Download or read book Southern Reporter written by and published by . This book was released on 1919 with total page 1020 pages. Available in PDF, EPUB and Kindle. Book excerpt: Includes the decisions of the Supreme Courts of Alabama, Florida, Louisiana, and Mississippi, the Appellate Courts of Alabama and, Sept. 1928/Jan. 1929-Jan./Mar. 1941, the Courts of Appeal of Louisiana.
Book Synopsis The Invention of Improvement by : Paul Slack
Download or read book The Invention of Improvement written by Paul Slack and published by Oxford University Press, USA. This book was released on 2015 with total page 334 pages. Available in PDF, EPUB and Kindle. Book excerpt: The idea of improvement - gradual and cumulative betterment - was something new in 17th century England. It became commonplace to assert that improvements in agriculture, industry, commerce, and social welfare would bring infinite prosperity and happiness. The word improvement was itself new, and since it had no equivalent in other languages, it gave the English a distinctive culture of improvement which they took with them to Ireland, Scotland, and America. Slack explains the political, intellectual, and economic circumstances which allowed notions of improvement to take root.
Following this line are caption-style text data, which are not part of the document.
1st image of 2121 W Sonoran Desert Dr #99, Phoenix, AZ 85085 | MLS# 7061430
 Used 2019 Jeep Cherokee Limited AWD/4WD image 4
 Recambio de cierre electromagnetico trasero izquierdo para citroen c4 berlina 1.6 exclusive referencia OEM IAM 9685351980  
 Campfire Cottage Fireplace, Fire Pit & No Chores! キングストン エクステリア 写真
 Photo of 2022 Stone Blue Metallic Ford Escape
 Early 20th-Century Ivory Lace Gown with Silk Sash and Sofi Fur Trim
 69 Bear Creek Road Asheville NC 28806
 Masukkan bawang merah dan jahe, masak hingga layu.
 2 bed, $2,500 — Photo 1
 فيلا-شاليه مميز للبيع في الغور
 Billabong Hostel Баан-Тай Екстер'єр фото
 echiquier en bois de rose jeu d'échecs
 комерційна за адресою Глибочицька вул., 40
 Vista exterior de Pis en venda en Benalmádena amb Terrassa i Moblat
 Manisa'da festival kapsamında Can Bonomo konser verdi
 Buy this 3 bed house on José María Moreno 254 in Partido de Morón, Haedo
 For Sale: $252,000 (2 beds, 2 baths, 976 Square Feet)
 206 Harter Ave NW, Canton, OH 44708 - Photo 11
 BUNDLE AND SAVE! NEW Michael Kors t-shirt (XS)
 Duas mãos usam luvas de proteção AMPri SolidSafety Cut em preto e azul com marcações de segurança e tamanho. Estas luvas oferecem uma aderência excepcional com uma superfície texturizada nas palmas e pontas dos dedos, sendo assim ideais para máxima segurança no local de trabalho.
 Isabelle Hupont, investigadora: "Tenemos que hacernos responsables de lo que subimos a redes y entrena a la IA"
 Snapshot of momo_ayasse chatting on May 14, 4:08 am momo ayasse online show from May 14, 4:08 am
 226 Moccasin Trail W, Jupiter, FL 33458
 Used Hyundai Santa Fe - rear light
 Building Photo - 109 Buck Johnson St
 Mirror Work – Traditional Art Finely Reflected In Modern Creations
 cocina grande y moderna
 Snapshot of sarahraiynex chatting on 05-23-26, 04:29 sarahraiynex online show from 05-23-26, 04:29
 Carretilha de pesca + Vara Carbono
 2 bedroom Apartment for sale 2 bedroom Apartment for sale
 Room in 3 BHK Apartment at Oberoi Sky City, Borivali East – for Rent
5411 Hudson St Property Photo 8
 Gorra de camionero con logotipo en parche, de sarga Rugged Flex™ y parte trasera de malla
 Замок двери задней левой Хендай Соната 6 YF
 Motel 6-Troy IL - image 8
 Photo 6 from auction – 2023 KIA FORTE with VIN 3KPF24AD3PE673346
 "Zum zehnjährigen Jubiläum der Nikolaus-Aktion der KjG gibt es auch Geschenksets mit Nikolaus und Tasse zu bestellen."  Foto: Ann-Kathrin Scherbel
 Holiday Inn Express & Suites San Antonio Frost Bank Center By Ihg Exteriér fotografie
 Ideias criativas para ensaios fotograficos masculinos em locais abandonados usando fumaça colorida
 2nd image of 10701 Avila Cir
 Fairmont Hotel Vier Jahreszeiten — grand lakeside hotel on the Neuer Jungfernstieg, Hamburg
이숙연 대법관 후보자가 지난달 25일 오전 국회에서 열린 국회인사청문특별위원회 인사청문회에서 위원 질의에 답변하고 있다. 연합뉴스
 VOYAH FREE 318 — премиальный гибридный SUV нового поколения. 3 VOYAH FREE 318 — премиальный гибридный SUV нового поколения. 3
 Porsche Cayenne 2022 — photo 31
Book Synopsis Mercantilist Theory and Practice Vol 3 by : Lars Magnusson
Download or read book Mercantilist Theory and Practice Vol 3 written by Lars Magnusson and published by Taylor & Francis. This book was released on 2024-10-28 with total page 398 pages. Available in PDF, EPUB and Kindle. Book excerpt: 'England is a nation of shopkeepers'. Long before Napolean disdainfully paraphrased Adam Smith, British commerce had become a motor for economic growth and increased state power. This four-volume facsimile edition brings together a range of rare seventeenth- and eighteenth-century documents about the mercantile system.
Book Synopsis Mercantilist Theory and Practice Vol 1 by : Lars Magnusson
Download or read book Mercantilist Theory and Practice Vol 1 written by Lars Magnusson and published by Taylor & Francis. This book was released on 2024-10-28 with total page 445 pages. Available in PDF, EPUB and Kindle. Book excerpt: 'England is a nation of shopkeepers'. Long before Napolean disdainfully paraphrased Adam Smith, British commerce had become a motor for economic growth and increased state power. This four-volume facsimile edition brings together a range of rare seventeenth- and eighteenth-century documents about the mercantile system.
Book Synopsis The Retrospective Review Vol 17 by : Yasuo Deguchi
Download or read book The Retrospective Review Vol 17 written by Yasuo Deguchi and published by Taylor & Francis. This book was released on 2024-11-01 with total page 447 pages. Available in PDF, EPUB and Kindle. Book excerpt: Founded in 1820 by Henry Southern, "The Retrospective Review" aimed to recall the public from an exclusive attention to new books, by making the merit of old ones the subject of critical discussion. This edition reproduces in facsimile all 18 volumes of the periodical published between 1820-1854.
Download or read book The Retrospective Review written by and published by . This book was released on 1853 with total page 446 pages. Available in PDF, EPUB and Kindle. Book excerpt: Consisting of criticisms upon, analyses of, and extracts from curious, valuable, and scarce old books.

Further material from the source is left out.